A perseguição leva-os a espalhar-se pela Judéia, Samaria e, mais longe ainda, pelas diversas regiões do Império (cf. At 1, 8). Vai-se sentindo no dia a dia como a Palavra está sendo proclamada, acolhida e celebrada nas várias línguas da terra. (cf. 1Ts 1, 7ss). As nações dos quatro cantos do mundo convergem na invocação do único nome de Jesus (cf. 1Cor 1, 1-3). Assumem o mesmo Caminho. Adoram o mesmo Deus e se reconhecem como membros de uma mesma família: têm agora um só Nome e se tratam de “irmãos e irmãs”. Apesar de oriundos de etnias e nações diferentes, agora conseguem entender-se “na mesma língua”. As comunidades se sentem fruto do milagre que inverte a situação de Babel. Lá as línguas se confundiram e as pessoas já não podiam comunicar-se na língua única imposta pelo Império opressor, a bênção divina da liberdade era cada qual guardar sua identidade própria (cf. Gn 11, 1-9). Nas comunidades, a diversidade de línguas já não é mais empecilho, já não confundem pois chegam a comunicar-se e entender-se na invocação do único Nome, o de Jesus, que, longe de oprimi-las, as liberta (cf. Fl 2, 9-11), pois já não é mais a língua da dominação e da unidade forçada, mas da livre adesão.

O texto de Atos dos Apóstolos, capítulo segundo, é uma grandiosa e bonita síntese dessa experiência. As comunidades de seguidores(as) de Jesus sentem-se animadas por Seu Espírito no mesmo Caminho por Ele trilhado. Sentem-se transformadas. Suas vidas têm sido abaladas como se por elas tivesse passado violento vendaval que tudo arrasta e faz a terra tremer (cf. At 2, 2). Nada se mantém como dantes quando o Senhor passa (cf. Hab 3, 3-7). Vem-lhes natural a lembrança do Sinai. Ali, como agora, a comunidade do povo de Deus teve seu solene início. Ao propor Aliança, Deus transformava a vida de gentes marginalizadas  na solidariedade de um povo organizado. Tremores de terra, trovões e relâmpagos e nuvens eram a simbologia para expressar a grandiosidade da poderosa manifestação transformadora de Deus (cf. Ex 19, 18-).
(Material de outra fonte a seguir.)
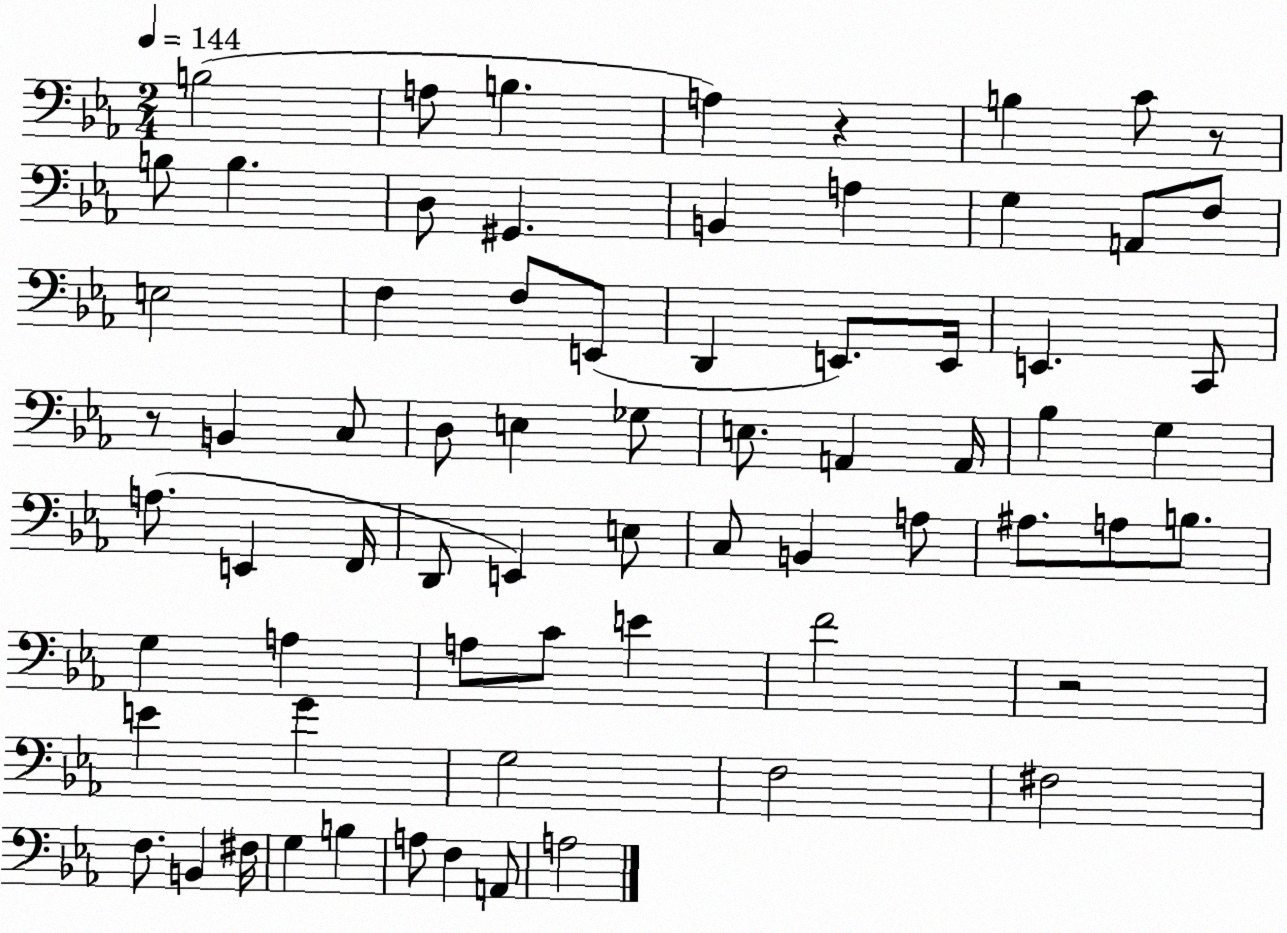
X:1
T:Untitled
M:2/4
L:1/4
K:Eb
B,2 A,/2 B, A, z B, C/2 z/2 B,/2 B, D,/2 ^G,, B,, A, G, A,,/2 F,/2 E,2 F, F,/2 E,,/2 D,, E,,/2 E,,/4 E,, C,,/2 z/2 B,, C,/2 D,/2 E, _G,/2 E,/2 A,, A,,/4 _B, G, A,/2 E,, F,,/4 D,,/2 E,, E,/2 C,/2 B,, A,/2 ^A,/2 A,/2 B,/2 G, A, A,/2 C/2 E F2 z2 E G G,2 F,2 ^F,2 F,/2 B,, ^F,/4 G, B, A,/2 F, A,,/2 A,2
Os mestres judeus, ao comentar as tradições sobre o Sinai, chegavam a dizer que ali a “voz” de Deus se manifestara numa bola de fogo e esta se repartira em setenta línguas (labaredas) pelas várias nações da terra.  Era a ideia de que o fogo iluminador do Senhor “enche o orbe da terra”. Reflexão que insinua uma visão ecumênica, universal da atuação de Deus no mundo.  As comunidades se sentem em continuidade com o povo da Aliança. Para elas, com a vida de Jesus, se renova e se aprofunda o pacto de Deus com Seu povo. As Igrejas (comunidades) são agora o novo Monte de Deus onde se pode fazer experiência semelhante à da força de trovões, relâmpagos, fogo e terremoto. As “línguas de fogo” são a voz do Deus da Aliança se espalhando na direção de todas as nações da terra (cf. At 2, 5-13).
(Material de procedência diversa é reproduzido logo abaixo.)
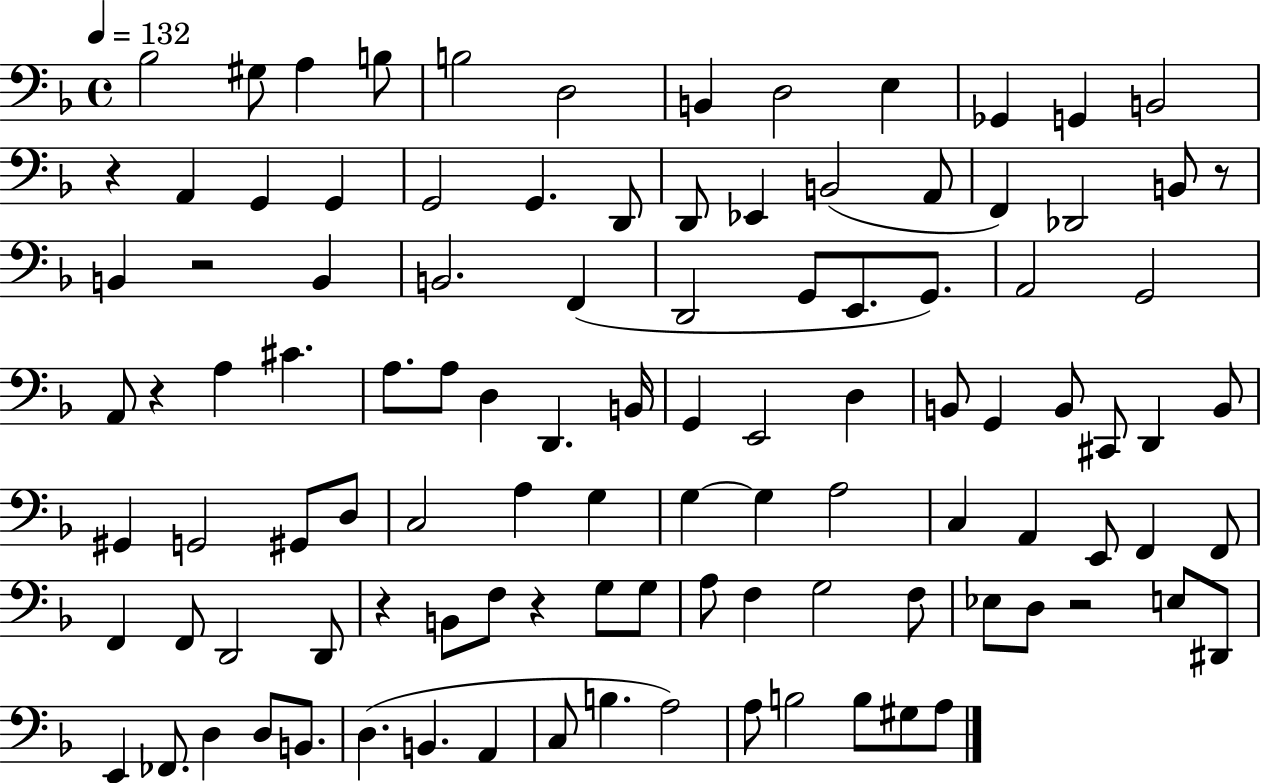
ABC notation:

X:1
T:Untitled
M:4/4
L:1/4
K:F
_B,2 ^G,/2 A, B,/2 B,2 D,2 B,, D,2 E, _G,, G,, B,,2 z A,, G,, G,, G,,2 G,, D,,/2 D,,/2 _E,, B,,2 A,,/2 F,, _D,,2 B,,/2 z/2 B,, z2 B,, B,,2 F,, D,,2 G,,/2 E,,/2 G,,/2 A,,2 G,,2 A,,/2 z A, ^C A,/2 A,/2 D, D,, B,,/4 G,, E,,2 D, B,,/2 G,, B,,/2 ^C,,/2 D,, B,,/2 ^G,, G,,2 ^G,,/2 D,/2 C,2 A, G, G, G, A,2 C, A,, E,,/2 F,, F,,/2 F,, F,,/2 D,,2 D,,/2 z B,,/2 F,/2 z G,/2 G,/2 A,/2 F, G,2 F,/2 _E,/2 D,/2 z2 E,/2 ^D,,/2 E,, _F,,/2 D, D,/2 B,,/2 D, B,, A,, C,/2 B, A,2 A,/2 B,2 B,/2 ^G,/2 A,/2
O Espírito nos chega como Consolador e Advogado (cf. Jo 16). É enviado por Jesus para fortalecer e consolar as comunidades em seu confronto com o mundo. Confere a quem crê a plena certeza interior de que está salvo e defendido, e acusa o mundo do pecado e da mentira. Desmascara, com fatos reais, a ideologia segundo a qual viver em comunidade não passa de sonho e ilusão. O Espírito de Jesus é o grande dom concedido aos fiéis para se manter firmes em meio às dificuldades, conflito e perseguição. Foi por isso que o grupo de Jesus julgou normal representar a ação do Espírito nas comunidades sob o símbolo das “línguas (labaredas) de fogo”, Fogo expressa luta e combate. Em luta contra seus inimigos, Deus é como fogo devorador. Assim imagina o profeta Isaías: “A mão do Senhor se manifestará em favor dos seus servos, mas se há de indignar contra seus inimigos. Porque o Senhor vem com fogo, e seus carros parecem furacão, para desabafar sua ira com ardor e sua ameaça com línguas (labaredas) de fogo. É com fogo que o Senhor fará justiça sobre toda a terra” (66, 14-16).
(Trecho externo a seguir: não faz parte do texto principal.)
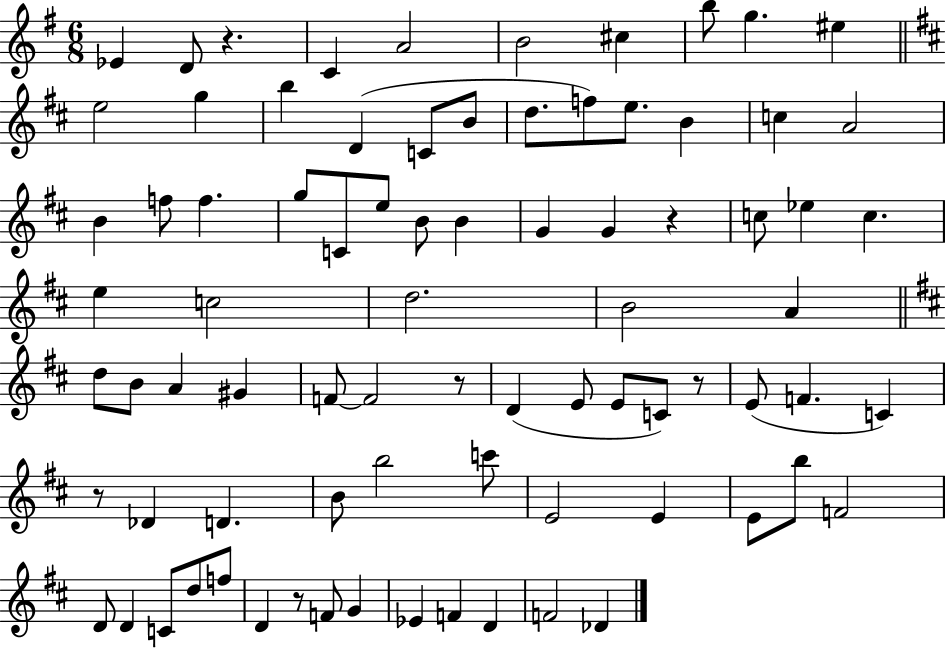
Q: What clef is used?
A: treble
No livro do Êxodo, quando Moisés se sente convocado por Deus a guiar o povo na luta contra o Faraó do Egito, desenha-se em sua imaginação uma enorme labareda de fogo que queima sem parar (cf. Ex 3, 2). Essa imagem pode mesmo ter-lhe sido sugerida por um espinheiro de verdade pegando fogo em pleno calor do deserto; algo semelhante ao que acontece com o profeta Amós ao presenciar cenas do quotidiano (praga de gafanhotos, queimada na roça, prumo de pedreiro, cesto de figos na feira)  e logo lembrar-se da sorte que aguarda o povo do país (cf. Am 8, 1-3; 7, 1-9). A chama tem forma de espada. É a espada ameaçadora de Deus, desembainhada à vista dos inimigos do povo.  A prova disto é que, na visão que tem Josué, sucessor de Moisés, literariamente paralela à cena da visão do espinheiro, substitui-se a chama pela espada brilhante ao sol (cf. Js 5, 13-15). A mesma imagem aparece quando o homem e a mulher são expulsos do Jardim; é o sinal de que a ruptura com Deus e com a Natureza está consumada. Já não podem nem mesmo se aproximar do  Éden. A entrada agora está guardada por dois querubins que fecham a passagem tendo na mão “espadas flamejantes”  — labaredas de fogo que servem de espadas – como sinal de declaração de guerra à humanidade desobediente (cf. Gn 3, 23-24). Neste texto, espada e labareda de fogo são postas em evidente conexão. Nos evangelhos, João Batista anuncia os tempos de Jesus como dias de um batismo “no Espírito e no fogo”, quando a palha será queimada e toda árvore que não der bom fruto será cortada e queimada no fogo (cf. Mt 3, 10-12).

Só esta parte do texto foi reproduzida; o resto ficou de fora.